"Truth is, for me as a player, I probably would have let him hit."
The voice was Torii Hunter's and it was far less juiced than usual as he walked through the nightmare moments that spelled the end for this year's Angels team.
Remember Game 4 in Boston, the score tied after Hunter's bat had sparked a late rally, speedy Reggie Willits on third and just one out? The Angels score a run and back it with half-inning of good pitching, the series heads back to Orange County for the decider.
Yes, you remember. Instead of allowing Erick Aybar to swing away, as Hunter had hoped, Mike Scioscia called for a suicide squeeze play. Aybar failed to lay down a bunt, Willits got tagged out, all available energy was sucked from Hunter's team, and the Red Sox quickly won the game and the series with a run of their own. In short, this was the mother of all backfires.
"I don't even think they were trying to pitch to [Aybar]," Hunter said, so plaintively I imagined him staring hard at the floor and shaking his head in disbelief. "It was just five terrible minutes . . . the worst five minutes of my life."
Five minutes that sent Hunter into a tailspin from which he says he is just now emerging. I'd called to get his thoughts on that series, on the Angels' future, on what it's like to watch the playoffs and the World Series unfold after having been a linchpin on a team that won more games than any other during the regular season (100), only to get tossed from the big dance straight away.
"I am depressed, I'm ticked, I'm upset, my stomach hurts, yeah, all of that," Hunter noted, without much prompting.
He said he has watched the remaining playoff and World Series games from a suede sofa in his Dallas-area home. (For the record, he's rooting for Tampa Bay but will not be too distressed if Philly wins because Jimmy Rollins is a friend.) Often, he's found himself screaming at the TV in pure frustration. "It plays out in the back of your head all the time: 'Why am I not in the World Series? Why?' The season we had, we should have been there. But the way we played in the first round, we didn't deserve it."
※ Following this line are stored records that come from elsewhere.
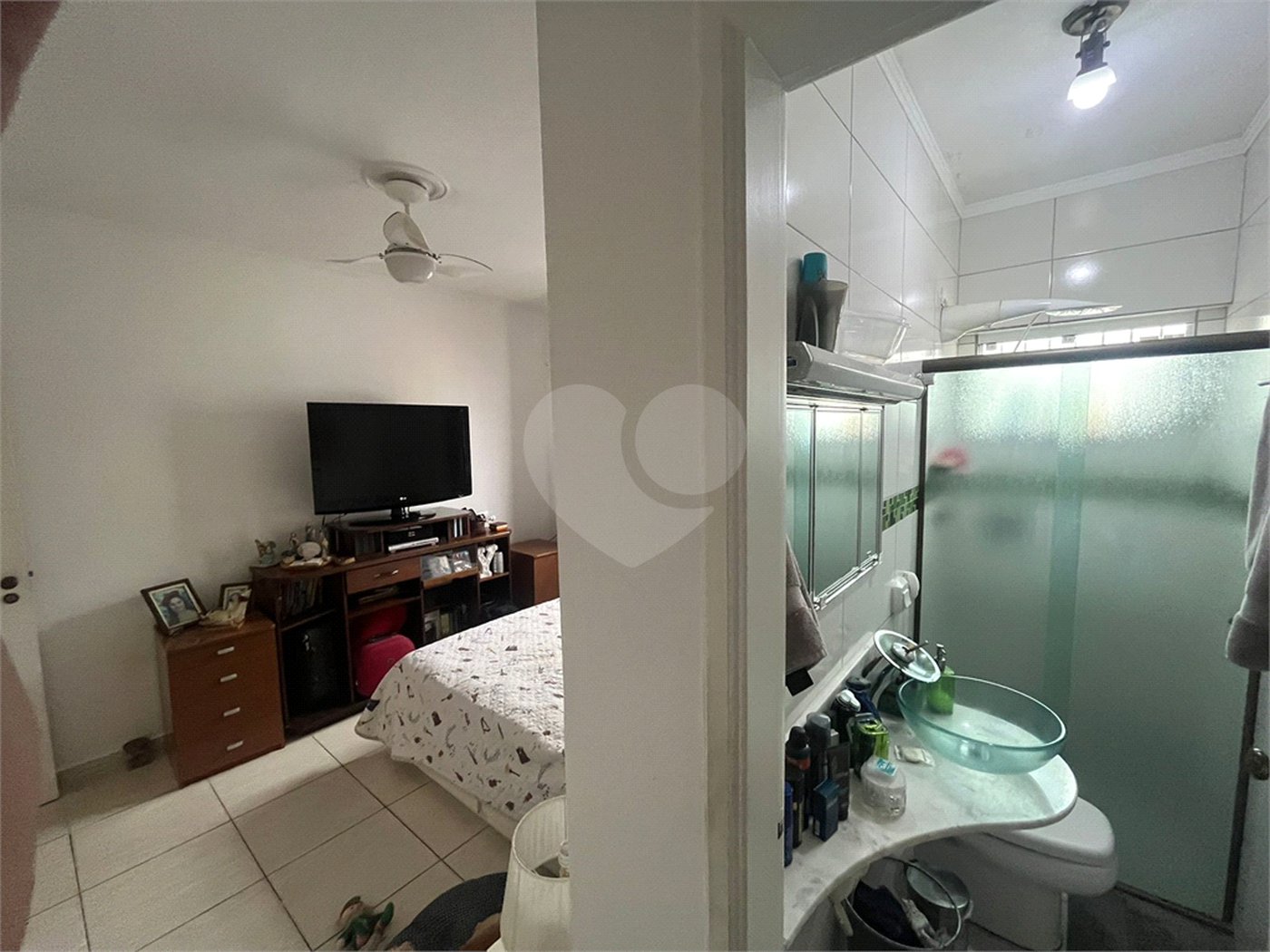 Casa à venda com 4 quartos, sendo 1 suíte, em Horto, São Paulo, SP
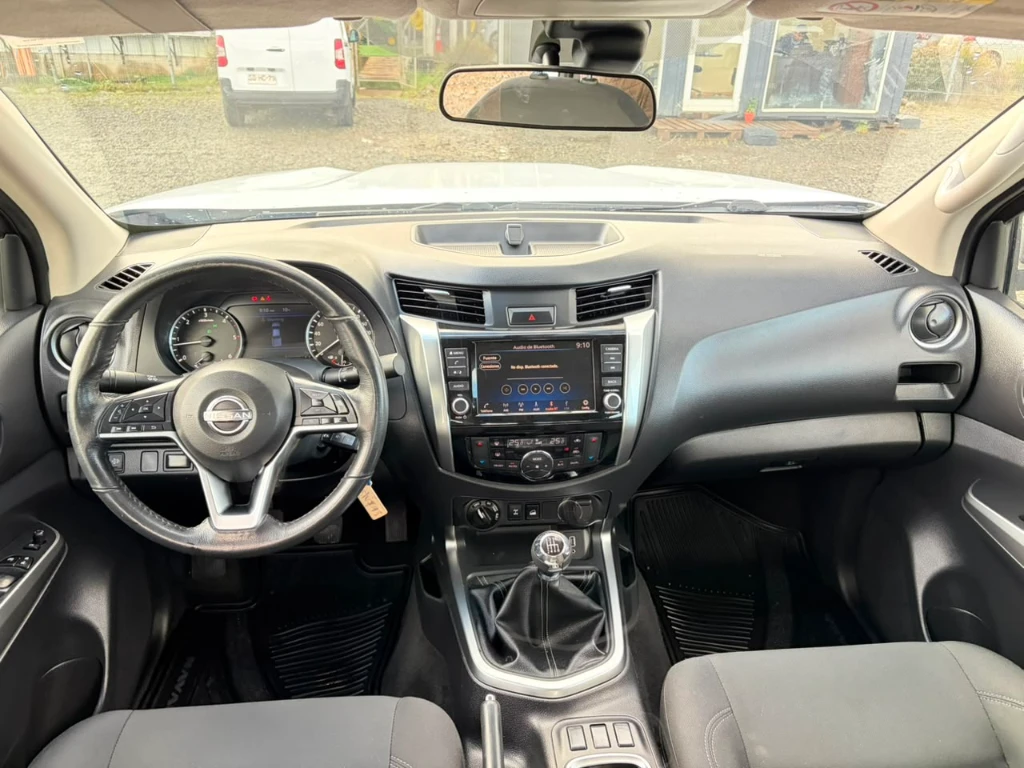 Nissan Navara D Cab Mt 4x4 2.3 Xe año 2023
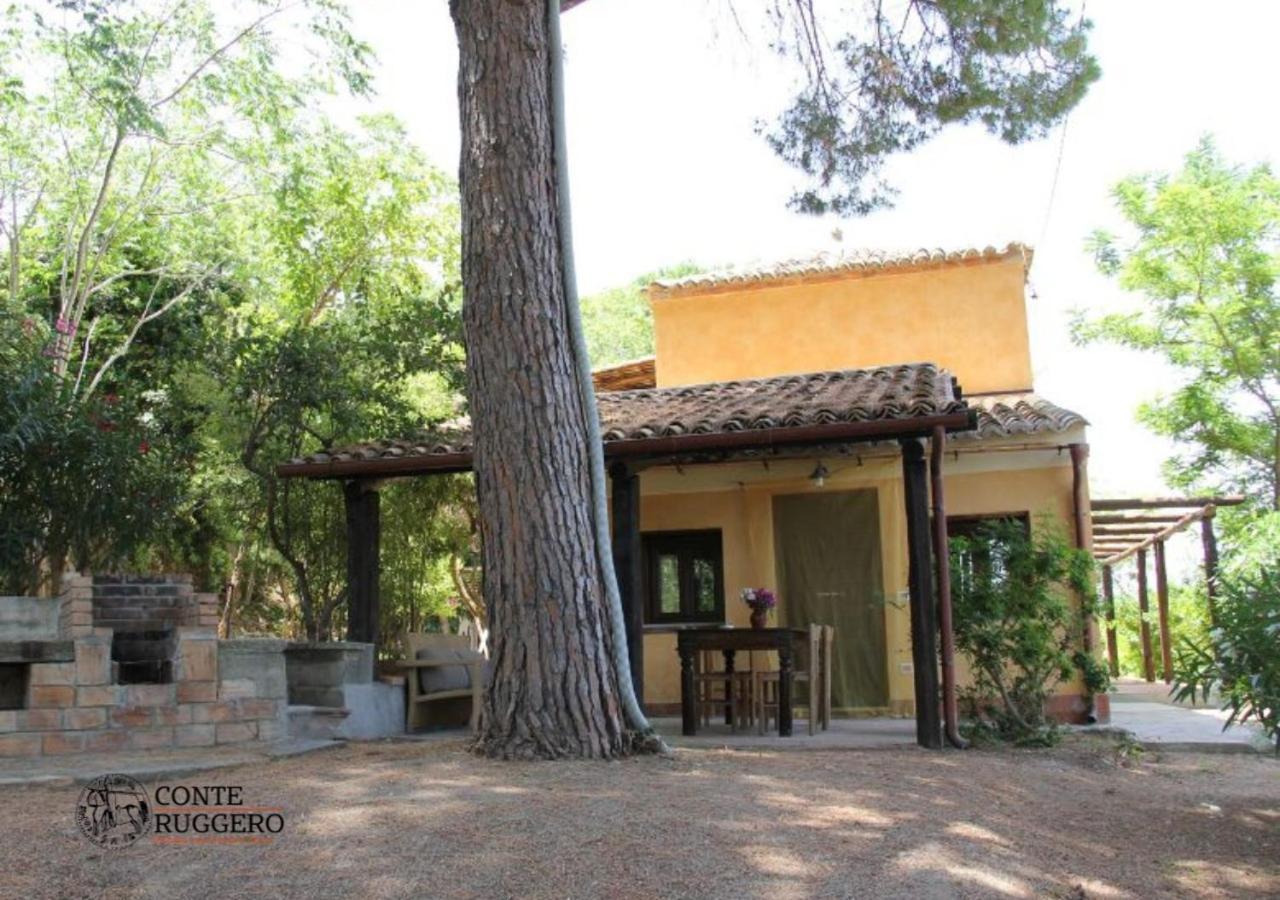 Tenuta Conte Ruggero Santa Domenica  Exteriér fotografie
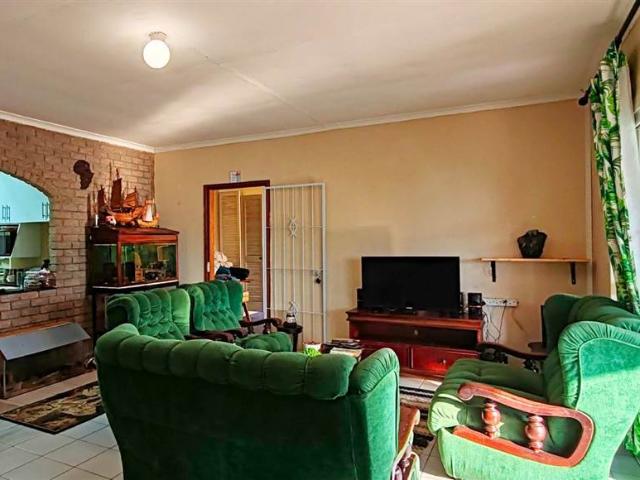 2 Bed House in Moseley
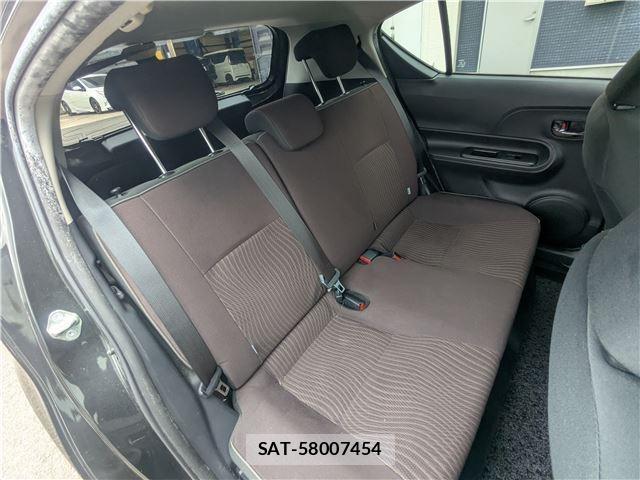 Toyota AQUA 2015-06 8647232-9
I burrowed in on the question still haunting Angels fans: Scioscia's decision to squeeze. There are many who agree that Aybar should have been allowed to hit. But bunting in tight moments, isn't that the way your team played all year, dink-and-dunk, drip-and-drop, popgun hits and speed?
"No, no," came a quick reply. "People say that, but that's not how we played all year. You rarely squeeze. But in the regular season when you do squeeze you can do it because you've always got tomorrow. . . . If you lose you have tomorrow to make up for it. In the playoffs it is different. Totally different."
(Note: Hunter made sure to add that he wasn't saying this to harpoon Aybar or Scioscia, "In the end, that is just my opinion. I'm not mad at anybody on my team. We have to do what Mike says and if my manager says to squeeze I have to go by what he says. We have to execute. It just didn't work out.")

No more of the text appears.